Task prompt: Set down the full listing that follows, word for word.

Dataset:
..............................

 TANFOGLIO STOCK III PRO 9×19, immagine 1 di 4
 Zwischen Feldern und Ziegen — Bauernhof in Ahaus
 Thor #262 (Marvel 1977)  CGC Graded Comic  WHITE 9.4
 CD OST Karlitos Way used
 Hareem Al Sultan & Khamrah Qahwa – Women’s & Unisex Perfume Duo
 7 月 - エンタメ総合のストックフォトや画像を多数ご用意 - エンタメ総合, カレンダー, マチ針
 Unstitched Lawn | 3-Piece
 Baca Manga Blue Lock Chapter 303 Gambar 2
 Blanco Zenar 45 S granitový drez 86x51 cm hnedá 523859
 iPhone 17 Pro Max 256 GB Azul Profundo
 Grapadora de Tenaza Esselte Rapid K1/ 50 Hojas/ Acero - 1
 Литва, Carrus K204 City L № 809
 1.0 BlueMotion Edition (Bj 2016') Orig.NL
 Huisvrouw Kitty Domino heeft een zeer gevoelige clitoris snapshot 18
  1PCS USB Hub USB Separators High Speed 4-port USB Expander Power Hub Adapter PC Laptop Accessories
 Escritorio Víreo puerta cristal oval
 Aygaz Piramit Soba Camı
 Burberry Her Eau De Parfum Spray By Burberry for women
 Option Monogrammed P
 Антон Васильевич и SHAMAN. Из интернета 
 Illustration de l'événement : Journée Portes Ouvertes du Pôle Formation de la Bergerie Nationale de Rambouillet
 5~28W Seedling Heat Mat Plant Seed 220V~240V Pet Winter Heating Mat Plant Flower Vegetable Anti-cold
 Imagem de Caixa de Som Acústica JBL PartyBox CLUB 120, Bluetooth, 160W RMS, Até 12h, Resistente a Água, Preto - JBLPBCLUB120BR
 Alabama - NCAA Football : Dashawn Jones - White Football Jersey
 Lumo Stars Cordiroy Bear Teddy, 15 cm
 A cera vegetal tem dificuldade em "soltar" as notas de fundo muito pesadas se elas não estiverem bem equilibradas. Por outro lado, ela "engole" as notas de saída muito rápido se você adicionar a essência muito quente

..............................

Your solution:
 TANFOGLIO STOCK III PRO 9×19, immagine 1 di 4
 Zwischen Feldern und Ziegen — Bauernhof in Ahaus
 Thor #262 (Marvel 1977)  CGC Graded Comic  WHITE 9.4
 CD OST Karlitos Way used
 Hareem Al Sultan & Khamrah Qahwa – Women’s & Unisex Perfume Duo
 7 月 - エンタメ総合のストックフォトや画像を多数ご用意 - エンタメ総合, カレンダー, マチ針
 Unstitched Lawn | 3-Piece
 Baca Manga Blue Lock Chapter 303 Gambar 2
 Blanco Zenar 45 S granitový drez 86x51 cm hnedá 523859
 iPhone 17 Pro Max 256 GB Azul Profundo
 Grapadora de Tenaza Esselte Rapid K1/ 50 Hojas/ Acero - 1
 Литва, Carrus K204 City L № 809
 1.0 BlueMotion Edition (Bj 2016') Orig.NL
 Huisvrouw Kitty Domino heeft een zeer gevoelige clitoris snapshot 18
  1PCS USB Hub USB Separators High Speed 4-port USB Expander Power Hub Adapter PC Laptop Accessories
 Escritorio Víreo puerta cristal oval
 Aygaz Piramit Soba Camı
 Burberry Her Eau De Parfum Spray By Burberry for women
 Option Monogrammed P
 Антон Васильевич и SHAMAN. Из интернета 
 Illustration de l'événement : Journée Portes Ouvertes du Pôle Formation de la Bergerie Nationale de Rambouillet
 5~28W Seedling Heat Mat Plant Seed 220V~240V Pet Winter Heating Mat Plant Flower Vegetable Anti-cold
 Imagem de Caixa de Som Acústica JBL PartyBox CLUB 120, Bluetooth, 160W RMS, Até 12h, Resistente a Água, Preto - JBLPBCLUB120BR
 Alabama - NCAA Football : Dashawn Jones - White Football Jersey
 Lumo Stars Cordiroy Bear Teddy, 15 cm
 A cera vegetal tem dificuldade em "soltar" as notas de fundo muito pesadas se elas não estiverem bem equilibradas. Por outro lado, ela "engole" as notas de saída muito rápido se você adicionar a essência muito quente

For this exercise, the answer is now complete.